- _ASSIGNMENT_
An exact copy of all the entries is needed, with no images in it.

Collected data:
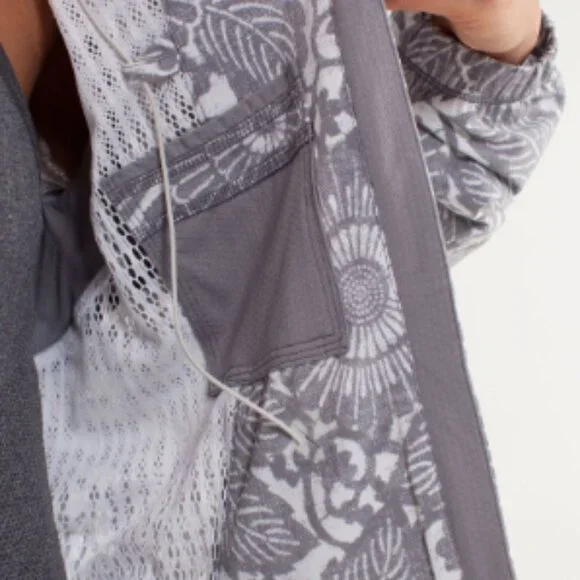 (2475) LULULEMON Run: Travel To Track Jacket *Print Sz 10/12 P2P=17.5" **LOVED** - Picture 3 of 10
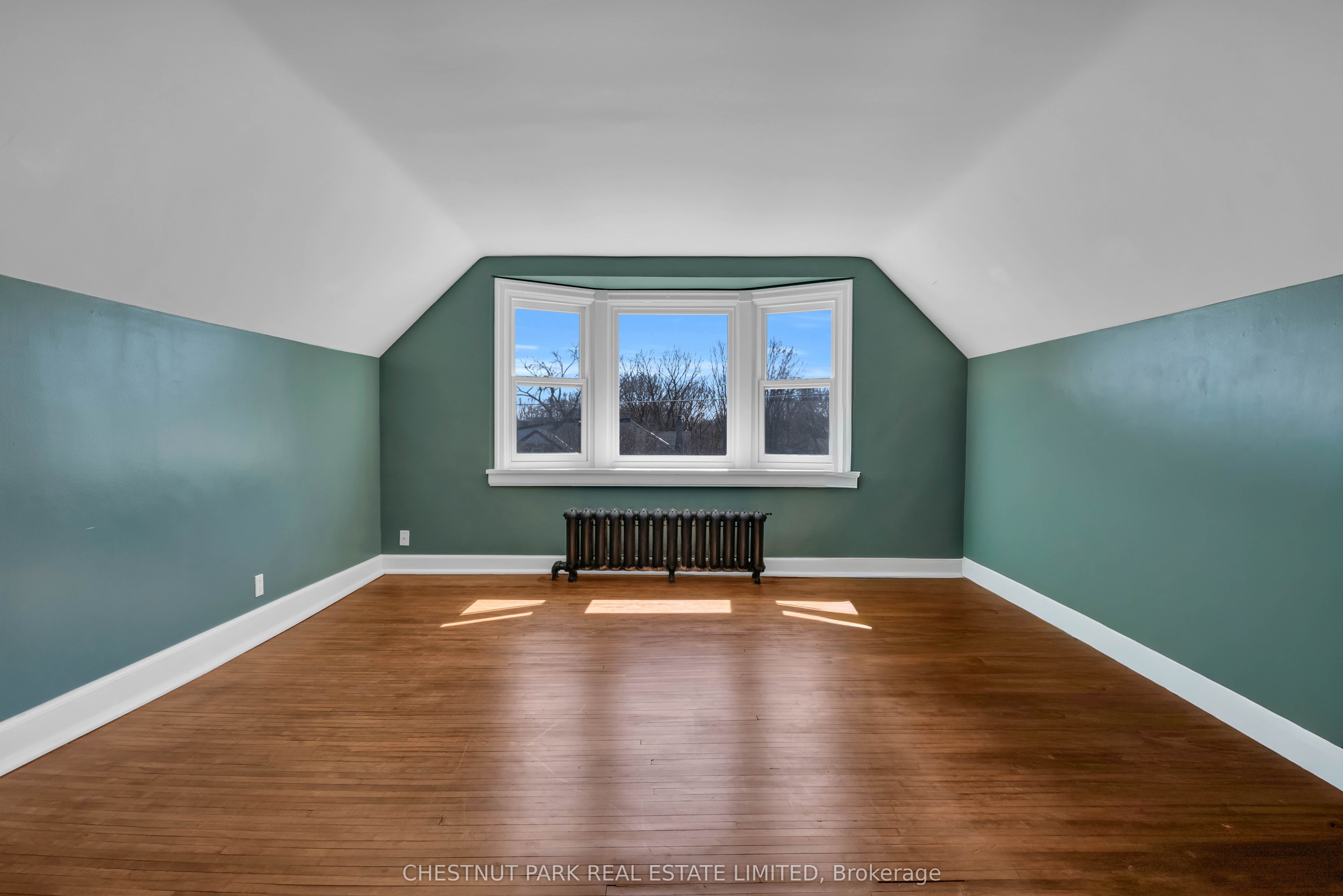 54 Bruce Street Property Photo 37
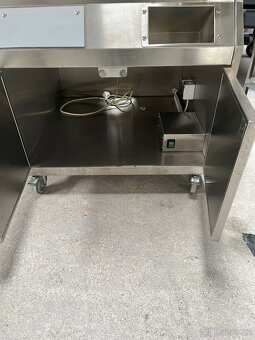 Nerez. skříňka - 3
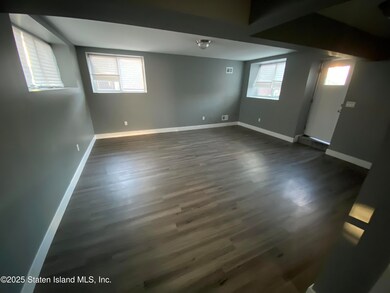 39 Torrice Loop, Staten Island, NY 10309 - photo 2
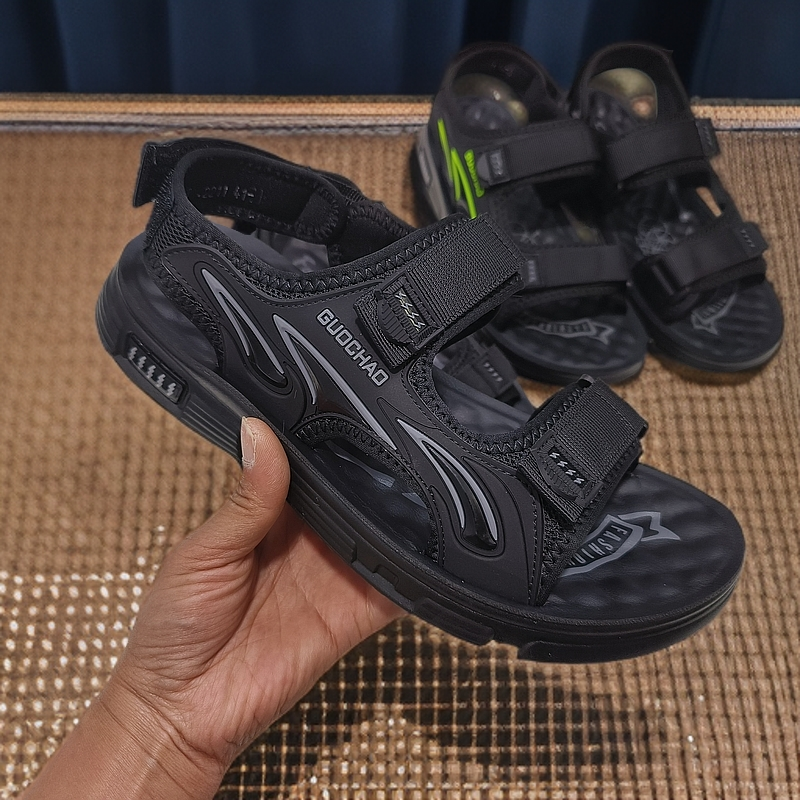 2211透气飞织沙滩鞋黑色魔术贴百搭外穿休闲拼色耐磨厚底素面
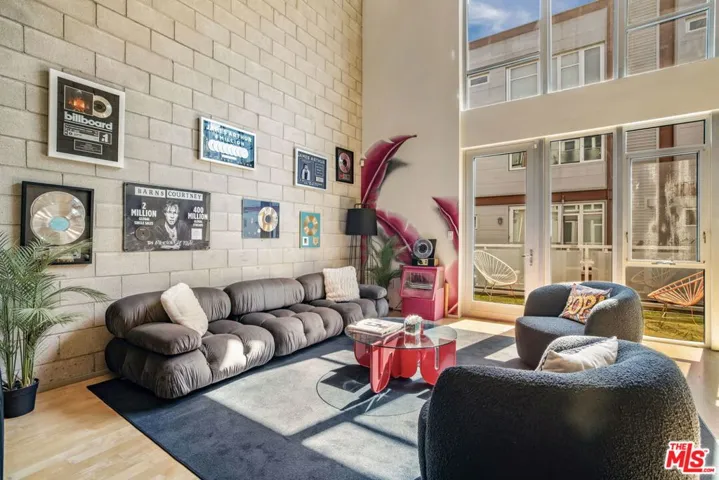3450 Cahuenga Boulevard 604, Los Angeles, California 90068 — photo 4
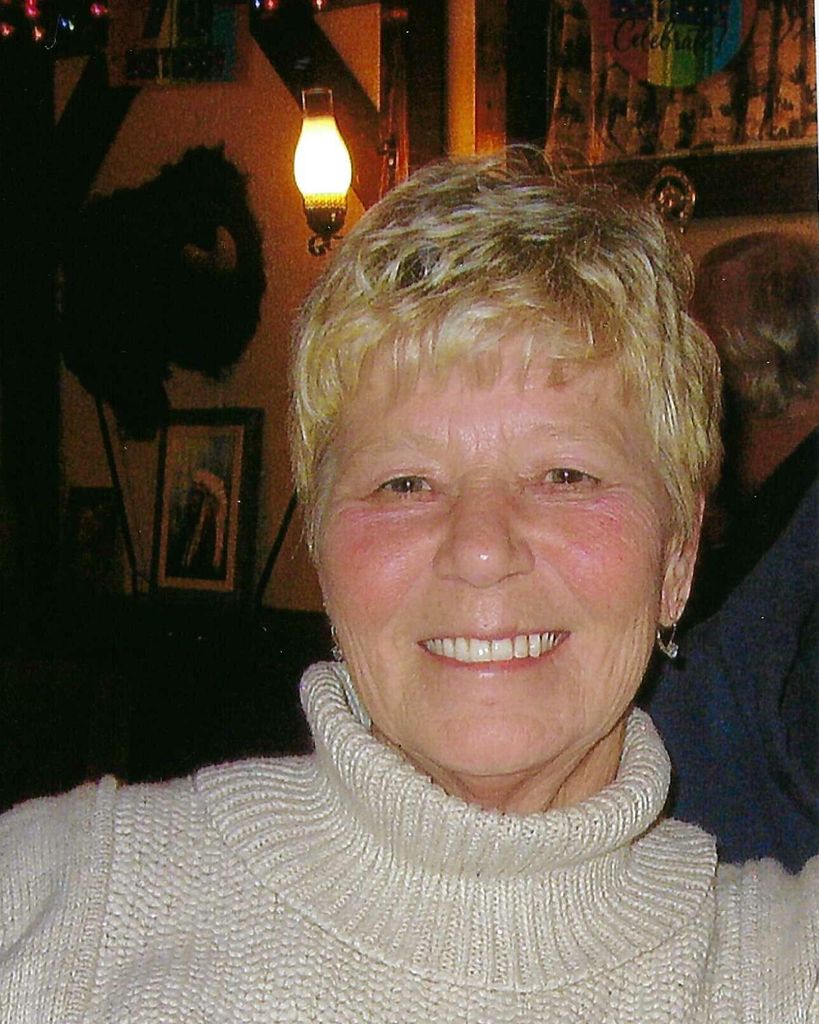 Vicki (Riley) Hincman Profile Photo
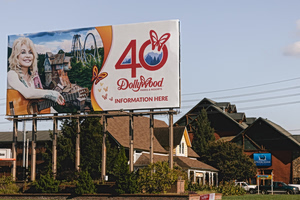 How Dolly Parton Built the Tourism Empire of Her Dreams
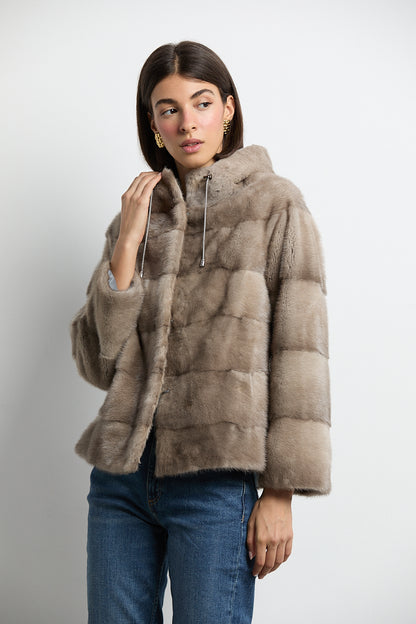 Chaqueta de visón con capucha natural zafiro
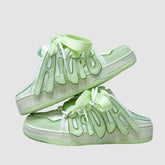 Pantuflas con diseño de patchwork de letras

- _SOLUTION TO THIS PROBLEM_
 (2475) LULULEMON Run: Travel To Track Jacket *Print Sz 10/12 P2P=17.5" **LOVED** - Picture 3 of 10
 54 Bruce Street Property Photo 37
 Nerez. skříňka - 3
 39 Torrice Loop, Staten Island, NY 10309 - photo 2
 2211透气飞织沙滩鞋黑色魔术贴百搭外穿休闲拼色耐磨厚底素面
3450 Cahuenga Boulevard 604, Los Angeles, California 90068 — photo 4
 Vicki (Riley) Hincman Profile Photo
 How Dolly Parton Built the Tourism Empire of Her Dreams
 Chaqueta de visón con capucha natural zafiro
 Pantuflas con diseño de patchwork de letras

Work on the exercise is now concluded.